Discussion in 'Python' started by billpaterson2006@googlemail.com, Nov 14, 2006.

  1. Guest

    I've been working on some code to search for specific textstrings and
    act upon them insome way. I've got the conversion sorted however there
    is 1 problem remaining.

    I am trying to work out how to make it find a string like this "==="
    and when it has found it, I want it to add "===" to the end of the
    line.

    For example.

    The text file contains this:

    ===Heading

    and I am trying to make it be processed and outputted as a .dat file
    with the contents

    ===Heading===

    Here's the code I have got so far.

    import string
    import glob
    import os

    mydir = os.getcwd()
    newdir = mydir#+"\\Test\\";

    for filename in glob.glob1(newdir,"*.txt"):
    #print "This is an input file: " + filename
    fileloc = newdir+"\\"+filename
    #print fileloc

    outputname = filename
    outputfile = string.replace(outputname,'.txt','.dat')
    #print filename
    #print a

    print "This is an input file: " + filename + ". Output file:
    "+outputfile

    #temp = newdir + "\\" + outputfile
    #print temp


    fpi = open(fileloc);
    fpo = open(outputfile,"w+");

    output_lines = []
    lines = fpi.readlines()

    for line in lines:
    if line.rfind("--------------------") is not -1:
    new = line.replace("--------------------","----")
    elif line.rfind("img:") is not -1:
    new = line.replace("img:","[[Image:")
    elif line.rfind(".jpg") is not -1:
    new = line.replace(".jpg",".jpg]]")
    elif line.rfind(".gif") is not -1:
    new = line.replace(".gif",".gif]]")
    else:
    output_lines.append(line);
    continue
    output_lines.append(new);

    for line in output_lines:
    fpo.write(line)

    fpi.close()
    fpo.flush()
    fpo.close()


    I hope this gets formatted correctly :p

    Cheers, hope you can help.
     
    , Nov 14, 2006
    #1
    1. Advertising

  2. wrote:

    > I am trying to work out how to make it find a string like this "==="
    > and when it has found it, I want it to add "===" to the end of the
    > line.


    how about

    if line.startswith("==="):
    line = line + "==="

    or

    if "===" in line: # anywhere
    line = line + "==="

    ?

    > if line.rfind("--------------------") is not -1:
    > new = line.replace("--------------------","----")

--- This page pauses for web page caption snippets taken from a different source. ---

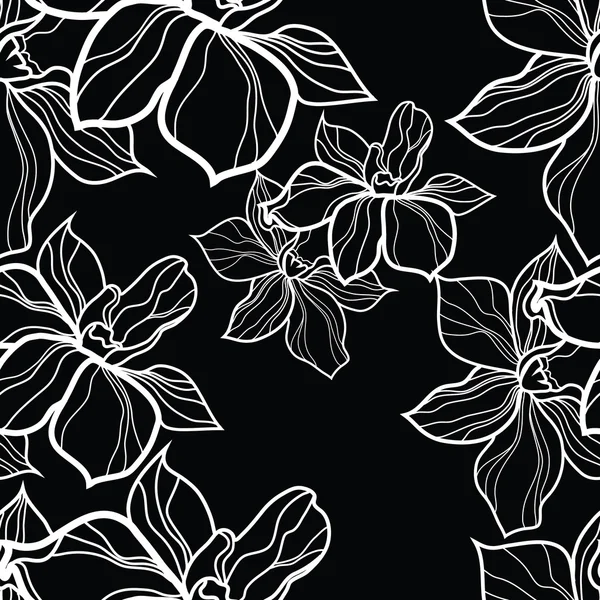 Modèle floral sans couture — Image vectorielle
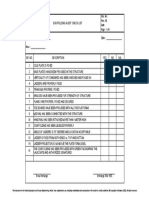 HSE FRM-29 Scaffolding Audit Check List
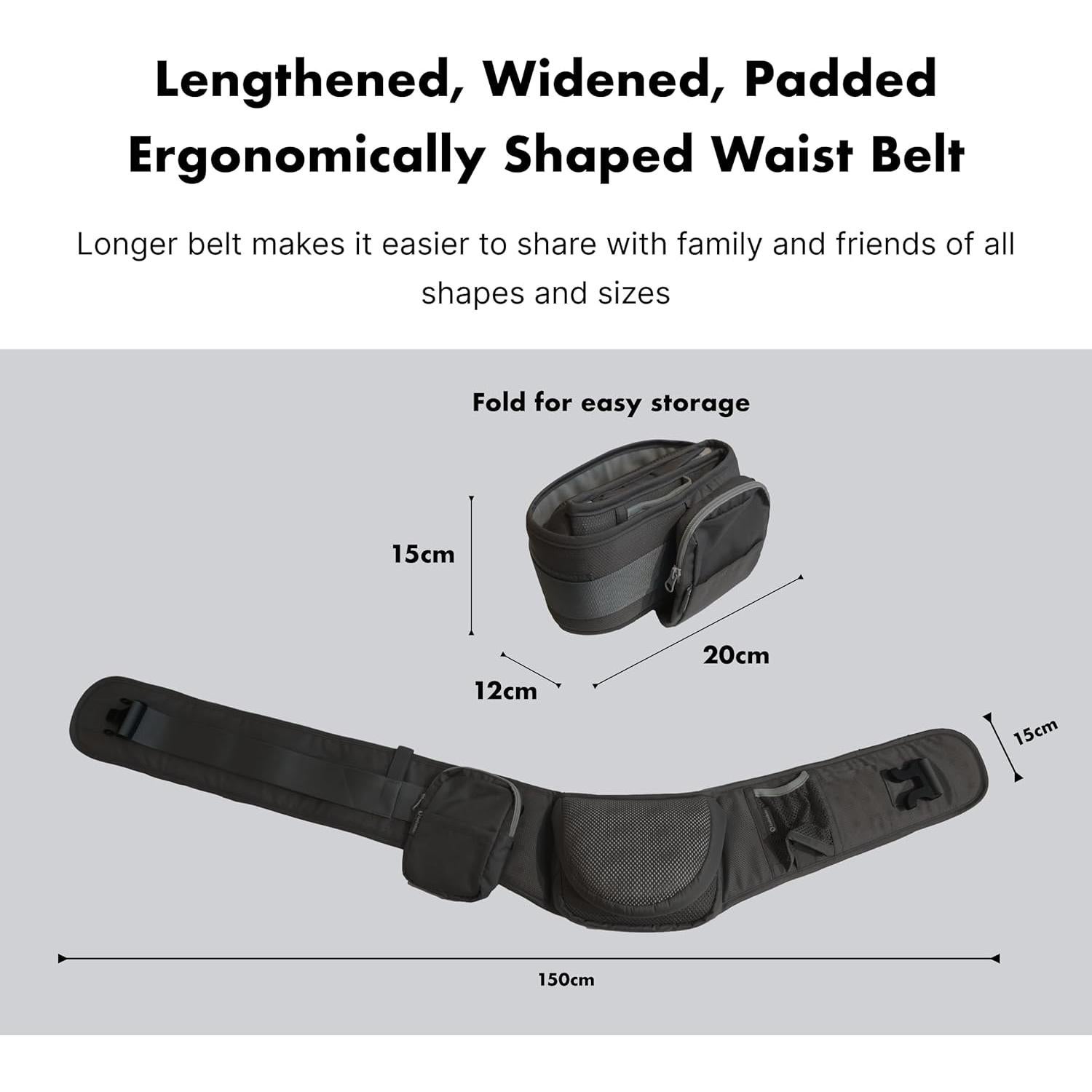 Portabebés Ergonómico CooCooBaby Negro 3.2-20kg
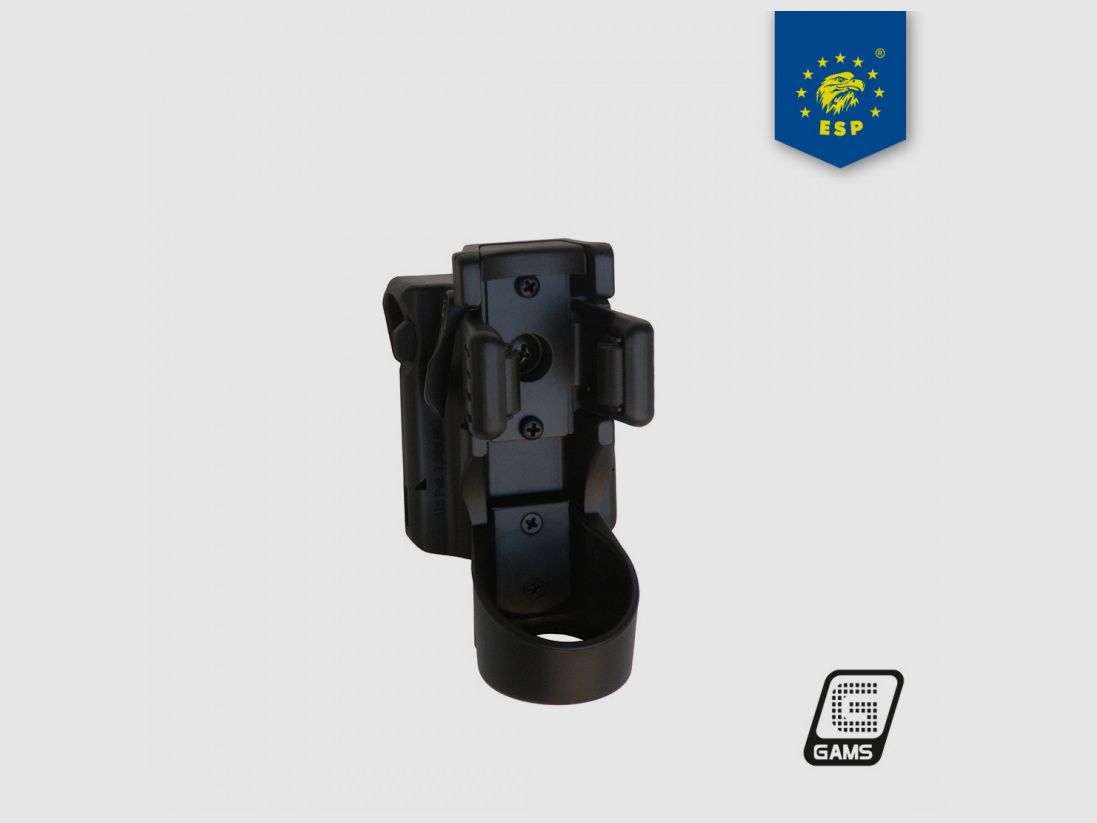 Holster tactique rotatif en polymère pour lampe de poche, image 2 sur 5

    it's not an error to use replace on a string that doesn't contain the
    pattern, so that rfind is rather unnecessary.

    (and for cases where you need to look first, searching from the left
    is usually faster than searching backwards; use "pattern in line" or
    "line.find(pattern)" instead of rfind.

    </F>
     
    Fredrik Lundh, Nov 14, 2006
    #2
    1. Advertising

  3. Guest

    Thanks so much, a really elegant solution indeed.

    I have another question actually which I'm praying you can help me
    with:

    with regards to the .jpg conversion to .jpg]] and .gif -> .gif]]

    this works, but only when .jpg/.gif is on it's own line.

    i.e:

    ..jpg

    will get converted to:

    ..jpg]]

    but

    Image:test.jpg

    gets converted to:

    [[Image:test.jpg

    rather than

    [[Image:test.jpg]]

    ------------------

    Hope you can help again! Cheers
     
    , Nov 14, 2006
    #3
  4. Peter Otten Guest

    wrote:

    > Thanks so much, a really elegant solution indeed.
    >
    > I have another question actually which I'm praying you can help me
    > with:
    >
    > with regards to the .jpg conversion to .jpg]] and .gif -> .gif]]
    >
    > this works, but only when .jpg/.gif is on it's own line.
    >
    > i.e:
    >
    > .jpg
    >
    > will get converted to:
    >
    > .jpg]]
    >
    > but
    >
    > Image:test.jpg
    >
    > gets converted to:
    >
    > [[Image:test.jpg
    >
    > rather than
    >
    > [[Image:test.jpg]]
    >
    > ------------------
    >
    > Hope you can help again! Cheers


    It does not do the right thing in all cases, but maybe you can get away with

    for line in lines:
    if line.startswith("==="):
    line = line.rstrip() + "===\n"
    line = line.replace("--------------------","----")
    line = line.replace("img:","[[Image:")
    line = line.replace(".jpg",".jpg]]")
    line = line.replace(".gif",".gif]]")
    output_lines.append(line)

    Peter
     
    Peter Otten, Nov 14, 2006
    #4
  5. Guest

    Cheers for the reply.

    But I'm still having a spot of bother with the === addition

    it would seem that if there is no whitespace after the ===test
    then the new === gets added to the next line

    e.g file contains:

    ===test (and then no whitesapace/carriage returns or anything)

    and the result is:

    ===test
    ===

    I tried fidding aruond trying to make it add whitespace but it didnt
    work.

    What do you think I should do?

    Cheers
     
    , Nov 14, 2006
    #5
  6. wrote:

    > But I'm still having a spot of bother with the === addition
    >
    > it would seem that if there is no whitespace after the ===test
    > then the new === gets added to the next line
    >
    > e.g file contains:
    >
    > ===test (and then no whitesapace/carriage returns or anything)
    >
    > and the result is:
    >
    > ===test
    > ===


    that's probably because it *does* contain a newline. try printing the
    line with

    print repr(line)

    before and after you make the change, to see what's going on.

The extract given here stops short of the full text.